Para alguns, a escultura de barro ganhou seu característico tom escuro por causa do lodo do Paraíba do Sul. “A cor escura foi resultado da ação do tempo e da água do rio”, crava o jornalista Ricardo Marques. Para outros, o que teria enegrecido a imagem foi a fumaça das velas do oratório improvisado na casa de Silvana da Rocha Alves, a mãe de João, um dos pescadores.
“Desde que foi encontrada no Paraíba do Sul, em 17 de outubro de 1717, até o dia em que foi transferida para uma nova capela, em 25 de julho de 1745, a imagem foi submetida à fumaça de candeeiros, velas e tochas por 28 longos anos”, explica a historiadora Tereza Pasin.
9. A imagem exposta no Santuário Nacional de Aparecida é a mesma que fora encontrada no rio?
Há quem diga que não.

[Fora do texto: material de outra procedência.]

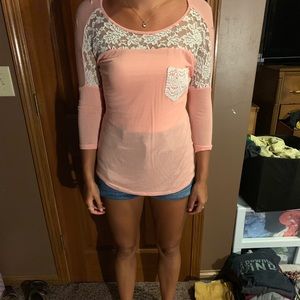 3/4 length sleeve tee with lace detail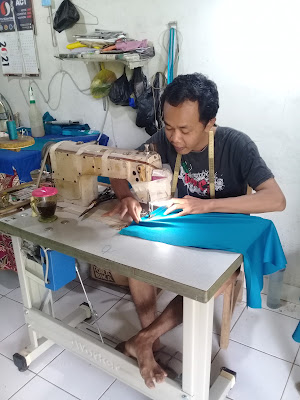 Penjahit Edi Taylor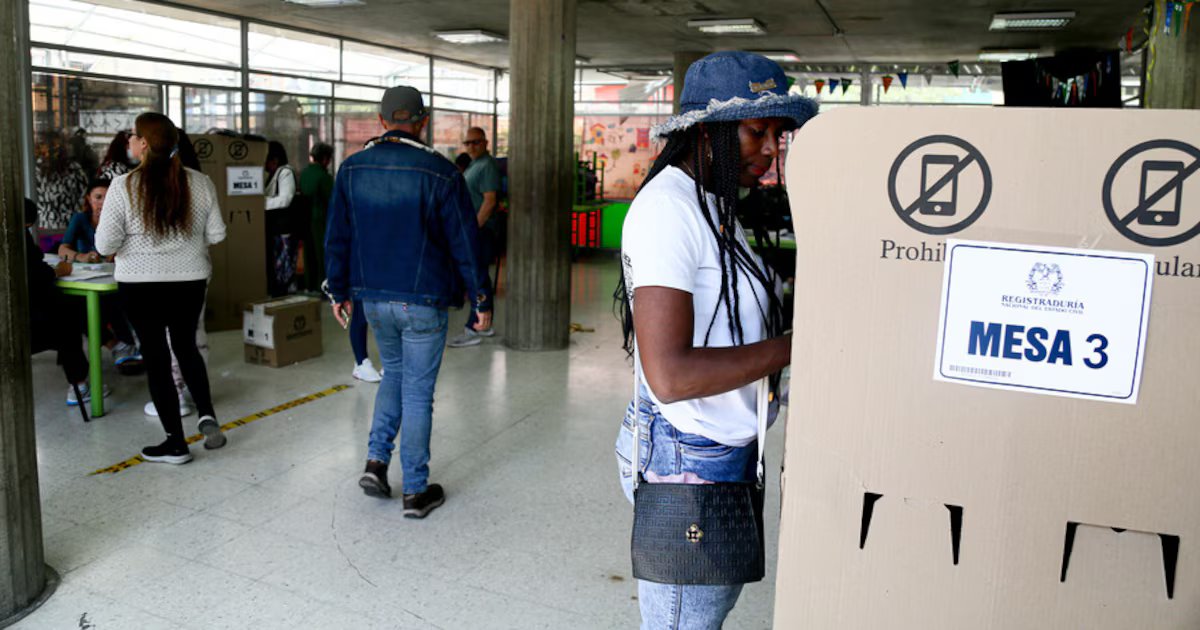 Propuesta busca que los senadores se elijan por regiones y no por circunscripción nacional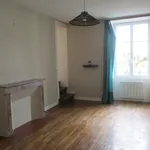 Appartement de 63 m² avec 4 chambre(s) en location à COUHE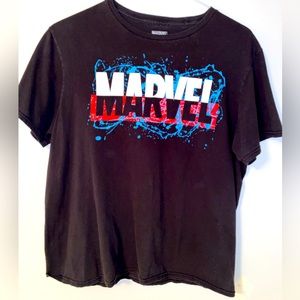 Men’s Marvel Shirt Size L t-shirt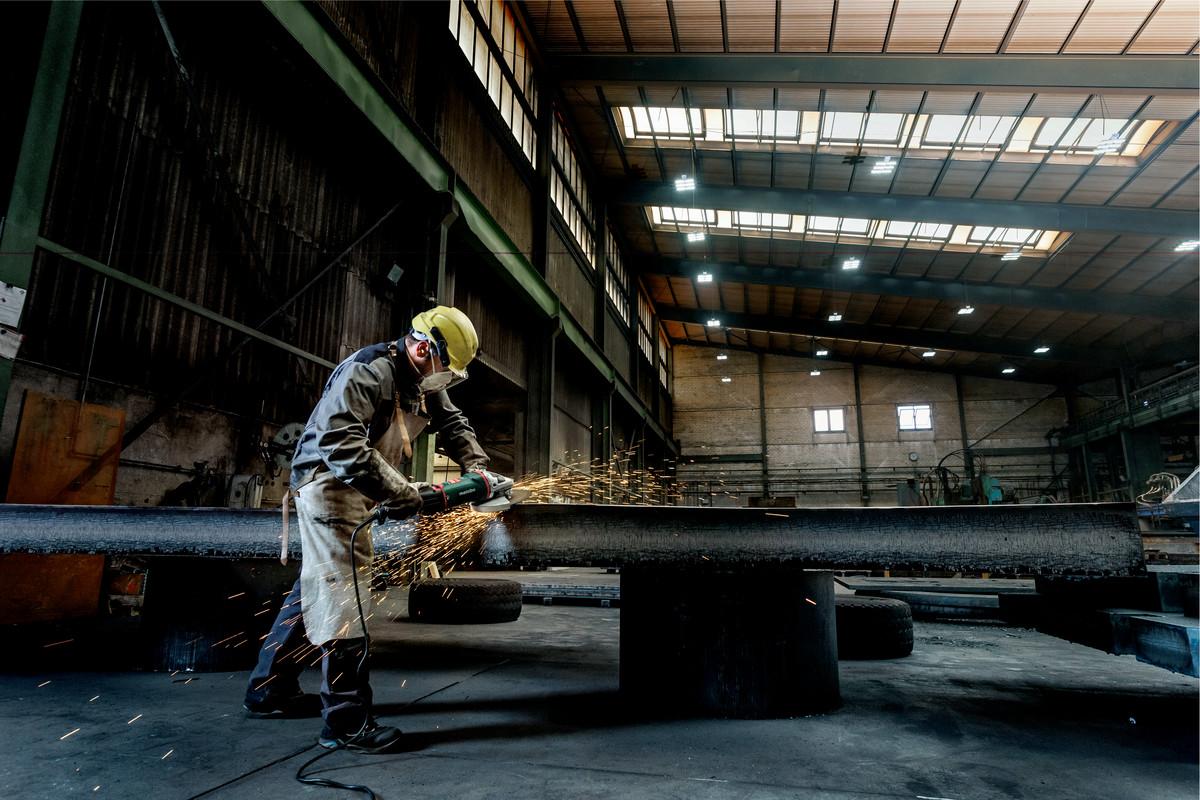 Болгарка Metabo W 26-230 MVT Картонна коробка (606474000)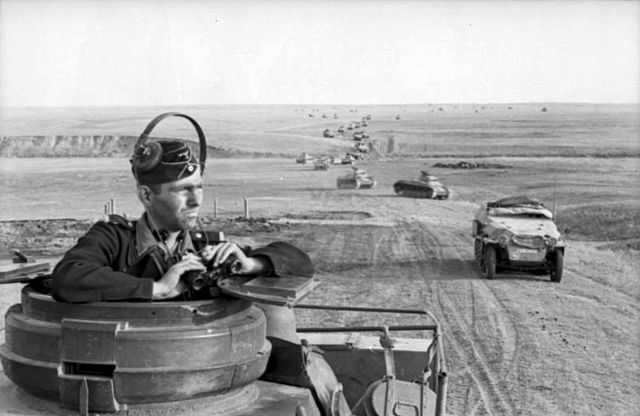 File:Bundesarchiv Bild 101I-218-0510-22, Russland-Süd, Panzersoldat.jpg
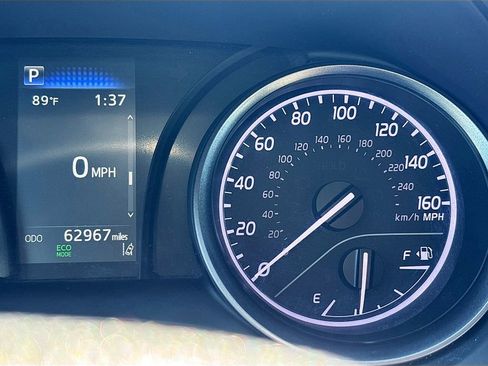 Used 2023 Toyota Camry SE image 12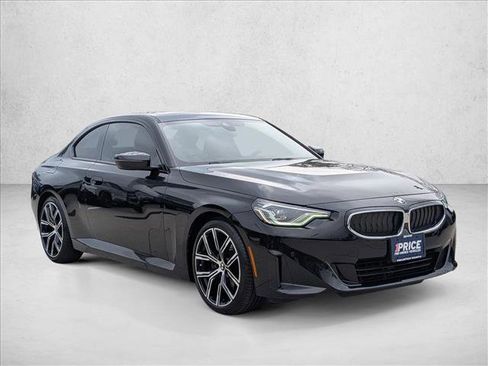 Used 2023 BMW 230i Coupe w/ Premium Package image 3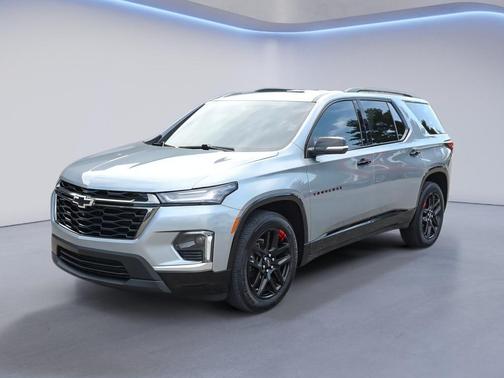 Sterling Gray Metallic 2023 Chevrolet Traverse Premier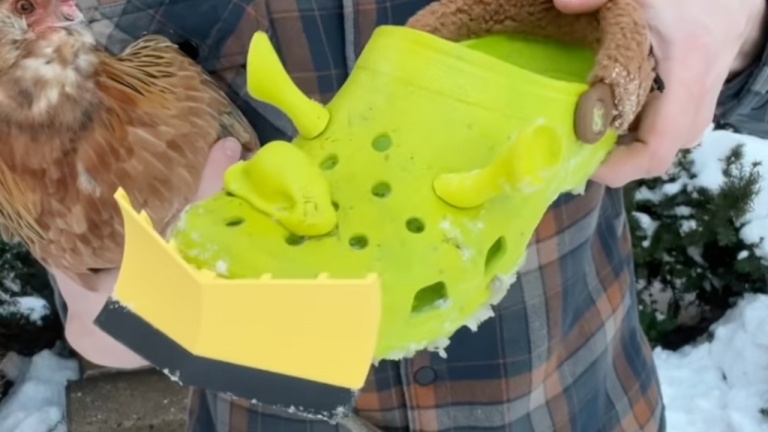 Des Crocs pour déneiger son entrée
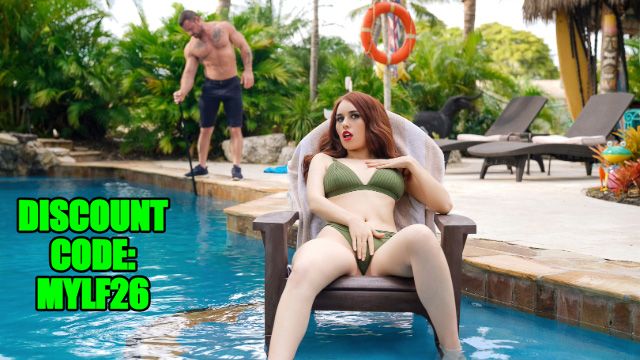 Hardcore video with Jennifer White, Kenzie Taylor, Lilly Hall and Mona Azar from Grab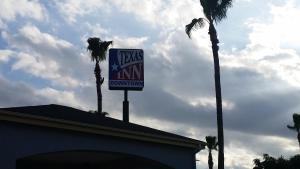 Certifikát, hodnocení, plakát nebo jiný dokument vystavený v ubytování Texas Inn Downtown McAllen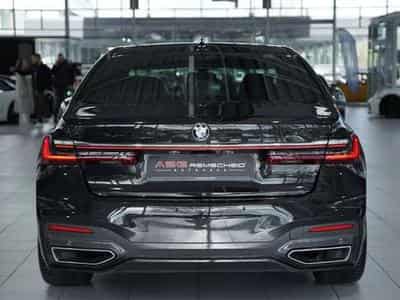 BMW 730 d xD M Sportpaket *20Zoll *H&K *Nappa *H-UP* (2021) - Photo 9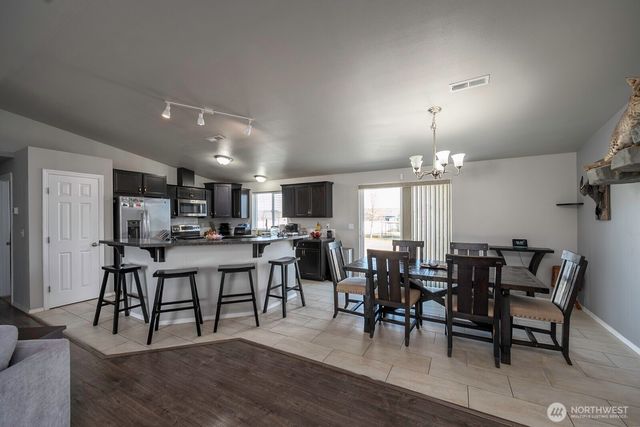 19 Royal Circle, Ephrata, WA 98823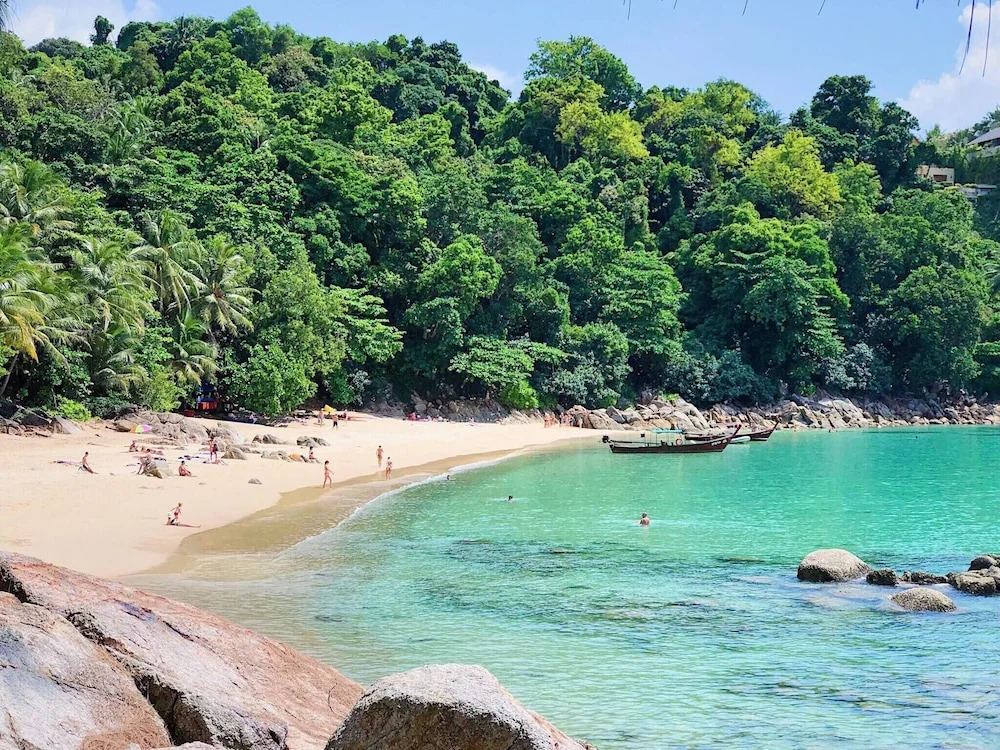 "panoramic Seaview 650sqm 4br Pool Villa 2 min Drive to Naithon Beach"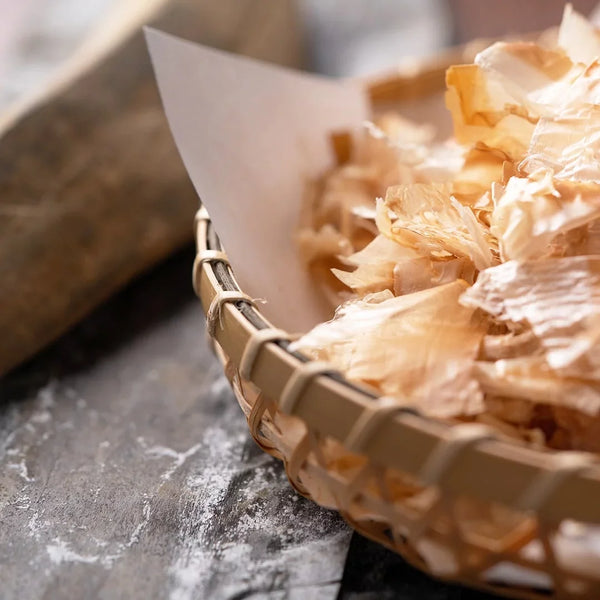 Kyuemon-Naturally-Dried-Bonito-Flakes-Thinly-Shaved-Katsuobushi-32g-3-2024-05-15T04:16:20.721Z.webp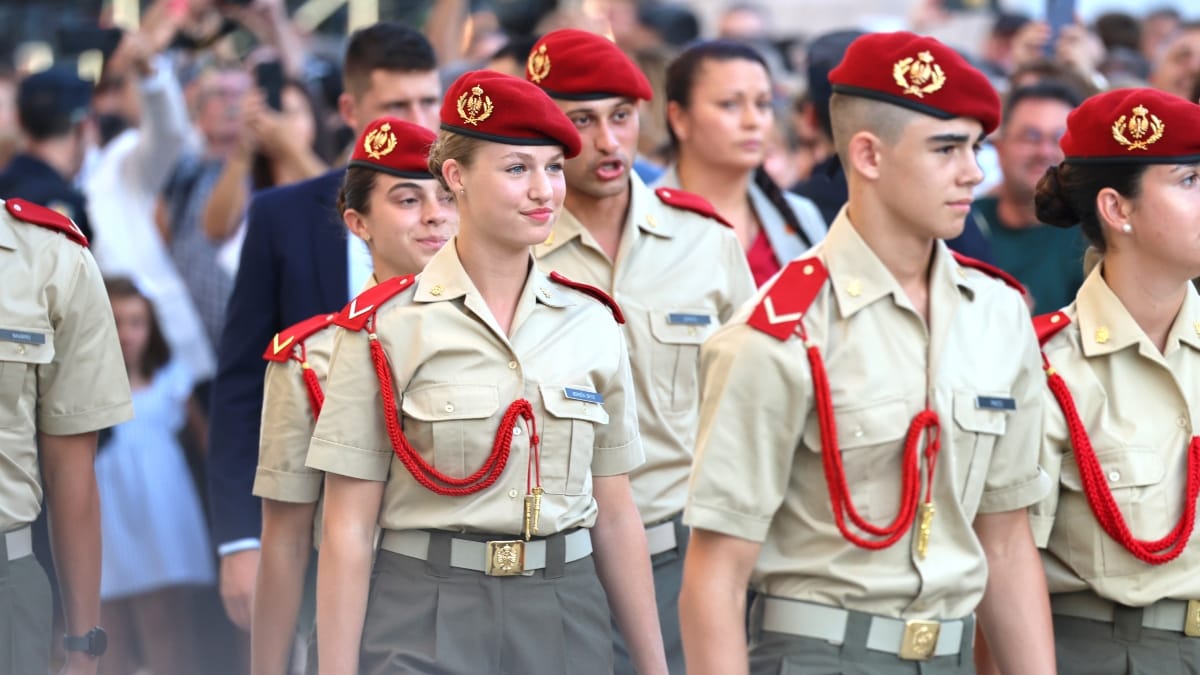 Leonor recibe el cariño de los zaragozanos en la ofrenda de damas y cadetes a la Virgen del Pilar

Que se trata de uma réplica perfeita da imagem original, guardada em algum cofre a sete chaves. O Santuário Nacional de Aparecida, porém, garante que sim. A imagem exposta na Basílica é a mesma que fora encontrada, trezentos anos antes, nas águas turvas do Paraíba do Sul.
Mas, por medidas de segurança, o nicho é protegido por um vidro à prova de balas e está a quatro metros do solo. Com a exceção da visita de papas, a santa só sai de lá uma vez por ano. Quem cuida de sua manutenção é Maria Helena Chartuni, a artista plástica que a restaurou em 1978. Depois de verificar minuciosamente se a escultura precisa de algum reparo, a imagem é devolvida ao nicho pelo reitor do Santuário.
10. A imagem foi encontrada no dia 17 de outubro de 1717. Por que, então, a festa da Padroeira do Brasil é comemorada no dia 12 de outubro?
Segundo o historiador Leandro Karnal, a escolha pelo dia 12 de outubro não foi aleatória. Ele cita outras datas, como o descobrimento da América (12/10/1492), a aclamação de Pedro 1º como imperador do Brasil (12/10/1822) e a inauguração da estátua do Cristo Redentor (12/10/1931), como prováveis fontes de inspiração para a Conferência Nacional dos Bispos do Brasil (CNBB).
“A data passou a ser uma conexão cívica e religiosa, celebração do catolicismo pátrio, de identidade da fé e do nacionalismo”, observa Karnal, autor de Santos Fortes – Raízes do Sagrado no Brasil (Rocco). Desde 1953, o dia da Padroeira do Brasil é comemorado em 12 de outubro. Antes disso, já fora celebrado no primeiro domingo de maio, no quinto domingo da Páscoa, no dia 7 de setembro (Dia da Independência) e no dia 8 de dezembro (Dia da Imaculada Conceição).